▶ THE TASK
In the copy, keep every word of the data below and none of its pictures.

[[ EXERCISE DATA open ]]

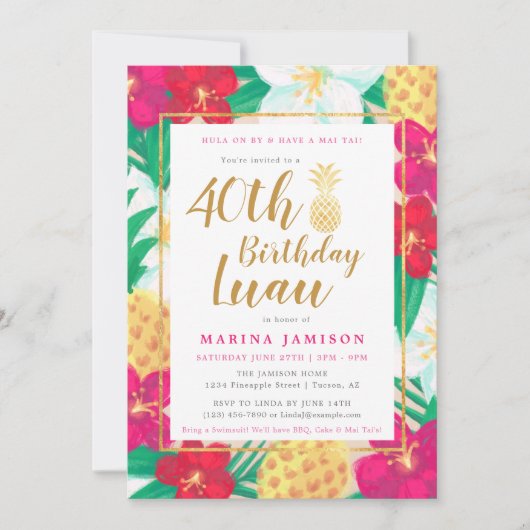 Gouden Luau-feestuitnodigingen Kaart (Voorkant)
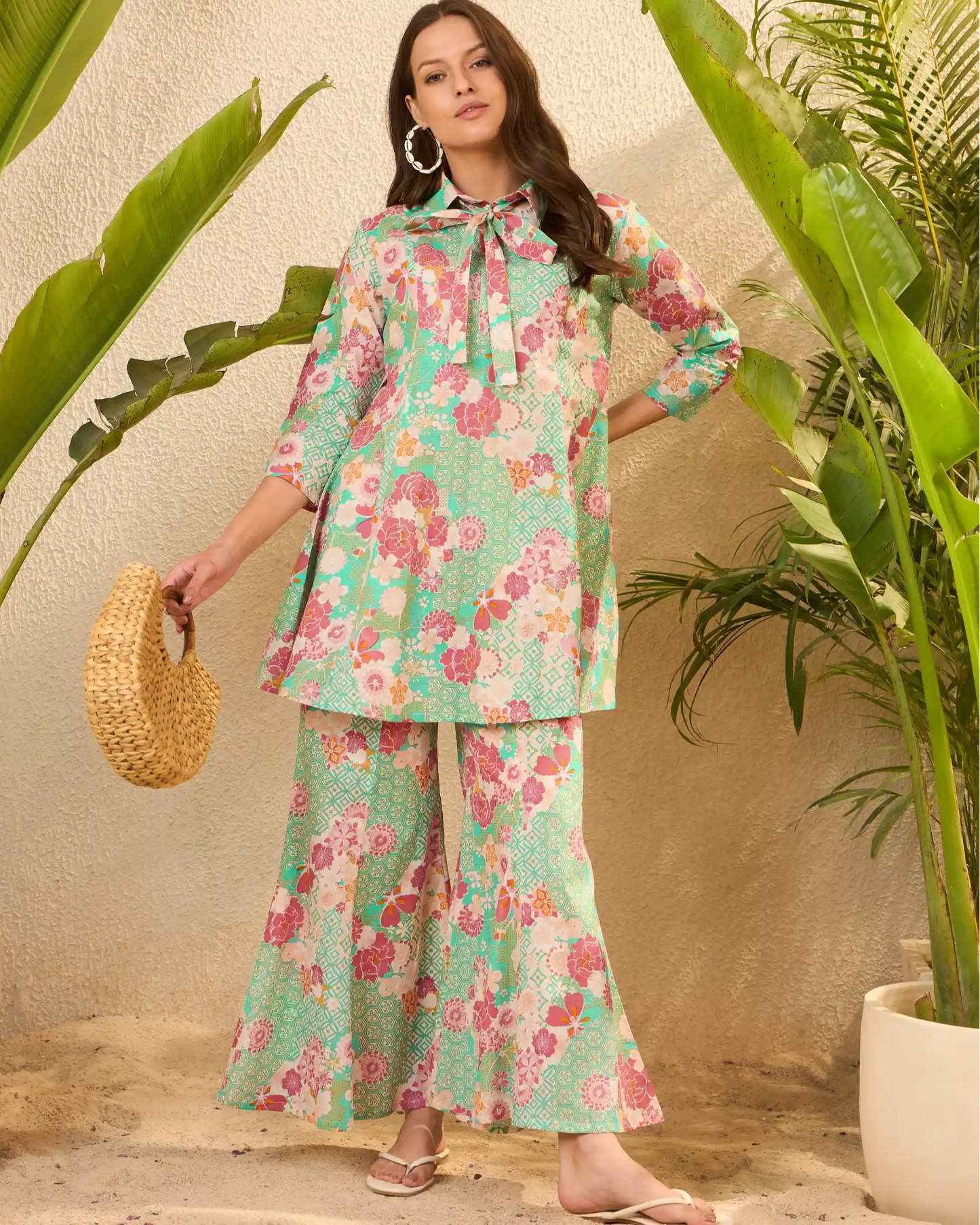 Green Floral Pure Cotton Tunic & Palazzo Co-Ord Set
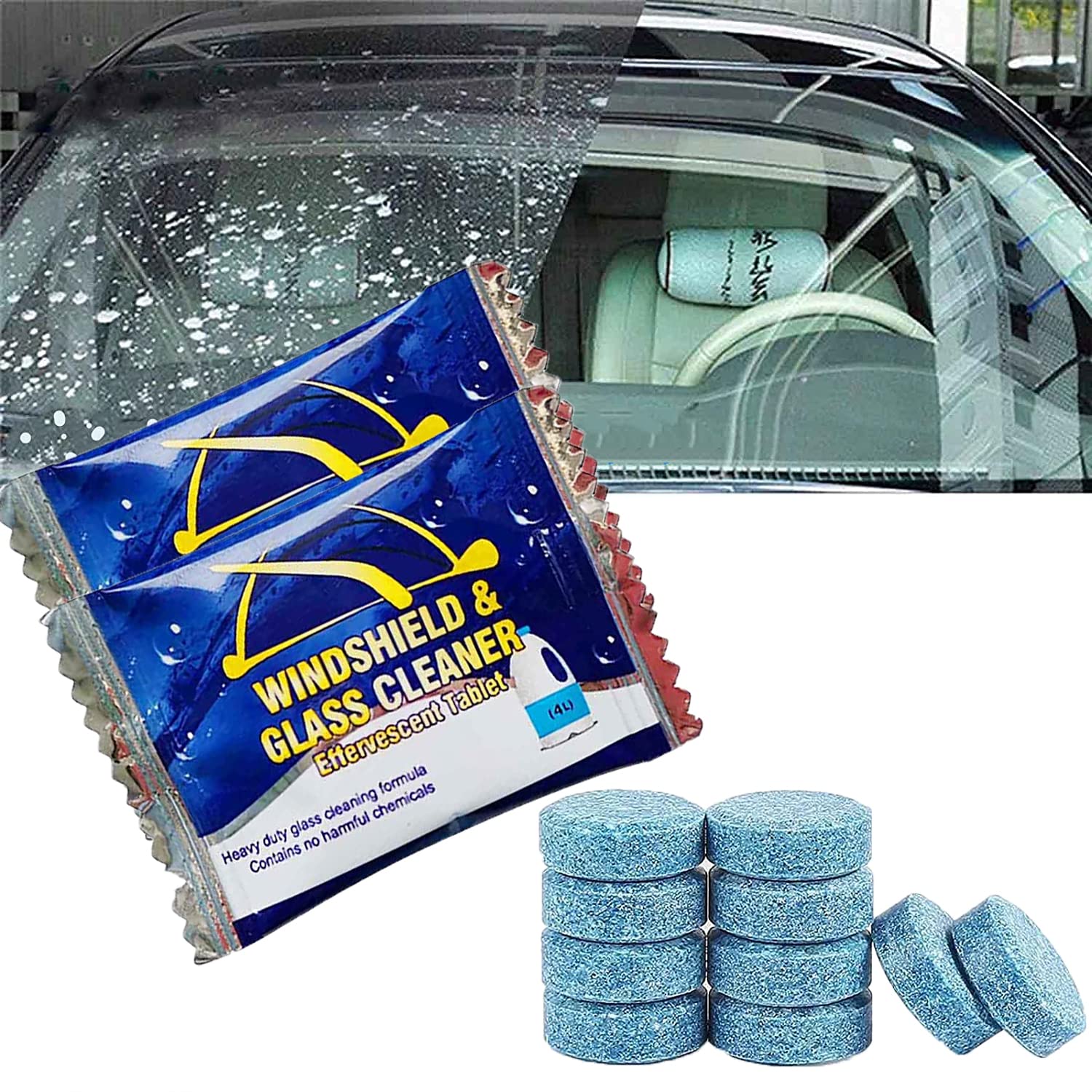 200PCS Glass & Window Cleaning Tablets for Home, Car Windshield - Concentrated Washer Fluid Tablets, Solid Wiper Cleaner for Auto & Household Use | Perfect for Streak-Free Windows, Mirrors, and Glass Surfaces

[[ EXERCISE DATA closed ]]

▶ COMPLETED TASK
 Gouden Luau-feestuitnodigingen Kaart (Voorkant)
 Green Floral Pure Cotton Tunic & Palazzo Co-Ord Set
 200PCS Glass & Window Cleaning Tablets for Home, Car Windshield - Concentrated Washer Fluid Tablets, Solid Wiper Cleaner for Auto & Household Use | Perfect for Streak-Free Windows, Mirrors, and Glass Surfaces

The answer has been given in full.